The Regulation sets forth a list of projects for which an environmental decision is required. These projects are divided into two groups: projects likely to always have significant effects on the environment (and, thus, automatically requiring an EIA) and projects likely to potentially have significant effect on the environment (which will require an EIA only if the authority decides so).
Below we present the most important changes resulting from the amendment to the Regulation.
The new types of projects likely to always have significant effect on the environment include:
- installations for the capture of carbons dioxide;
- installations for the transfer of carbon dioxide for underground storage (with an outer diameter of no less than 800 mm and no less than 40 km in length) along with the accompanying compressors and reduction stations;
- installations for the underground storage of carbon dioxide.
The new types of projects likely to potentially have significant effects on the environment include:
- seeking for carbon dioxide underground storage facilities;
- smaller installations for the capture of carbons dioxide;
- the construction of photovoltaic systems along with their auxiliary infrastructure.
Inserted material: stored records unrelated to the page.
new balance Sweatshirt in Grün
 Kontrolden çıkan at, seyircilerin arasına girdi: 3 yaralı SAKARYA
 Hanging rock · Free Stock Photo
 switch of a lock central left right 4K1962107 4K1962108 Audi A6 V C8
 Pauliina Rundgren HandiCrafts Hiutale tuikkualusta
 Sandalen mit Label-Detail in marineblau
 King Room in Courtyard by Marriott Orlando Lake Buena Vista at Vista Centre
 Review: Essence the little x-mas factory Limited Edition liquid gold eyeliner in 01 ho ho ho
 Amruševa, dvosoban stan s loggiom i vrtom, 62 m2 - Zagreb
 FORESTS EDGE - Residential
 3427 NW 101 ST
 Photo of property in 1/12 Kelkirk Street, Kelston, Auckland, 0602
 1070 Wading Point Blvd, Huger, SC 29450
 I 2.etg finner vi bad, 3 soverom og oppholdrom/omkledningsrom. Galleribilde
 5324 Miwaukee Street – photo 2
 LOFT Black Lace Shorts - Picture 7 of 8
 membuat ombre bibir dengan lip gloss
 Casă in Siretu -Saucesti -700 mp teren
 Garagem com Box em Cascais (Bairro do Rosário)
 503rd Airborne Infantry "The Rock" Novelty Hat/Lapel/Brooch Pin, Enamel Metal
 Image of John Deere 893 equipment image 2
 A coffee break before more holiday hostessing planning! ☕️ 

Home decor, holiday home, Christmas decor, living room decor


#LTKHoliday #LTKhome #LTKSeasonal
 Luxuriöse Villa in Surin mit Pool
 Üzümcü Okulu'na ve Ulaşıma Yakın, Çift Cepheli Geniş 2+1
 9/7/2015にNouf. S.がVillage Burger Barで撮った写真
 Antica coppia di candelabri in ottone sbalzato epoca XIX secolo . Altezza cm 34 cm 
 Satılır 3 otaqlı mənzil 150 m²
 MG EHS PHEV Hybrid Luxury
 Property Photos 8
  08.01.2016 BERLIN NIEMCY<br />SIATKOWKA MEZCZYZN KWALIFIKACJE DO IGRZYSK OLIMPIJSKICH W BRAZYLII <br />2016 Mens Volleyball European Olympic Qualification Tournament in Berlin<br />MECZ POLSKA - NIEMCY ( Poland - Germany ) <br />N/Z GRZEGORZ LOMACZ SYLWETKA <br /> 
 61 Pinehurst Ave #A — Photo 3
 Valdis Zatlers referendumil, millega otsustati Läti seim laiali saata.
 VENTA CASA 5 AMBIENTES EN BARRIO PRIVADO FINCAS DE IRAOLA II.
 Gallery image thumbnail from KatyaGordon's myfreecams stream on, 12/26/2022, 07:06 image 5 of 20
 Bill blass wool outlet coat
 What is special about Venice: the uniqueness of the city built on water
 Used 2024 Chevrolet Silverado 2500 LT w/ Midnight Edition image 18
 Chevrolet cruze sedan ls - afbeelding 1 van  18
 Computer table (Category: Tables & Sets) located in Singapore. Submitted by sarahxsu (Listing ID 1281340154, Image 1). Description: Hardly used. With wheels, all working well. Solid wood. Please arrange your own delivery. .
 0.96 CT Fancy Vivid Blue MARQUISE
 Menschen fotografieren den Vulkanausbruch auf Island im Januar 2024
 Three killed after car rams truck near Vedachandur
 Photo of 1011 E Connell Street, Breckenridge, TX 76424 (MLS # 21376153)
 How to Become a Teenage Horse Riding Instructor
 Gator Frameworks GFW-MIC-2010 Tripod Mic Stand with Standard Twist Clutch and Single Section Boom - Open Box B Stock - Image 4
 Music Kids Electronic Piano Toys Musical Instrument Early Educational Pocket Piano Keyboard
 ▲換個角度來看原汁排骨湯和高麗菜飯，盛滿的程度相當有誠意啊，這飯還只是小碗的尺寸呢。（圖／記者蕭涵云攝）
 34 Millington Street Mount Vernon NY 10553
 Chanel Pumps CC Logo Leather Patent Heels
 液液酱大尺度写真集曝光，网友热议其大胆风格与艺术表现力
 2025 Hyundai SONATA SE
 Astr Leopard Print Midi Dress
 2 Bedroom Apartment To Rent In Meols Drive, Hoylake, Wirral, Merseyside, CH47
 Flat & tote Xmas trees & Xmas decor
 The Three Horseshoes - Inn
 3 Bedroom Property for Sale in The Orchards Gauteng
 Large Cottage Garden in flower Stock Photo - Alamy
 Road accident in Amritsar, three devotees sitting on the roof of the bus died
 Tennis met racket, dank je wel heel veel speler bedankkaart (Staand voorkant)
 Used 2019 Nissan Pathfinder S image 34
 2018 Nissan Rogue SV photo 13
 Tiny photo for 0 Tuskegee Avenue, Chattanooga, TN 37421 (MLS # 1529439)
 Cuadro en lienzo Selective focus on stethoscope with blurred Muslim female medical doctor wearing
- installations for the surface treatment of substances, objects and products using organic solvents will require an EIA only if the authority decides so, regardless of volume of solvents consumption;
- installations for the collection or reloading of waste (other than scrap) will no longer require an environmental decision;
- the exploration of mineral deposits connected with geological works and the use of explosives will no longer require an environmental decision.
Important changes for the shale gas industry:
- the exploration of mineral deposits by means of wells to a depth between 1000 m and 5000 m will require environmental decision only if the exploration is performed:
- in the water intake protection area,
- in the inland water reservoirs protection area,
- in some nature protection areas and their buffer zones;
- the exploration of mineral deposits by means of wells deeper than 5000 m will always require obtaining an environmental decision.
Important changes for the real estate market:
- it is now clearer when garages require environmental decision;
- it is now more precisely specified when the extension, reconstruction or assembly of a project will require an environmental decision;
- changes in projects which are not related to the reconstruction, extension or assembly of projects will require obtaining another environmental decision if the given change results in the need to modify the environmental conditions imposed by the previous environmental decision – this is a completely new notion in the Regulation, which, in our opinion, will give rise to problems with its interpretation.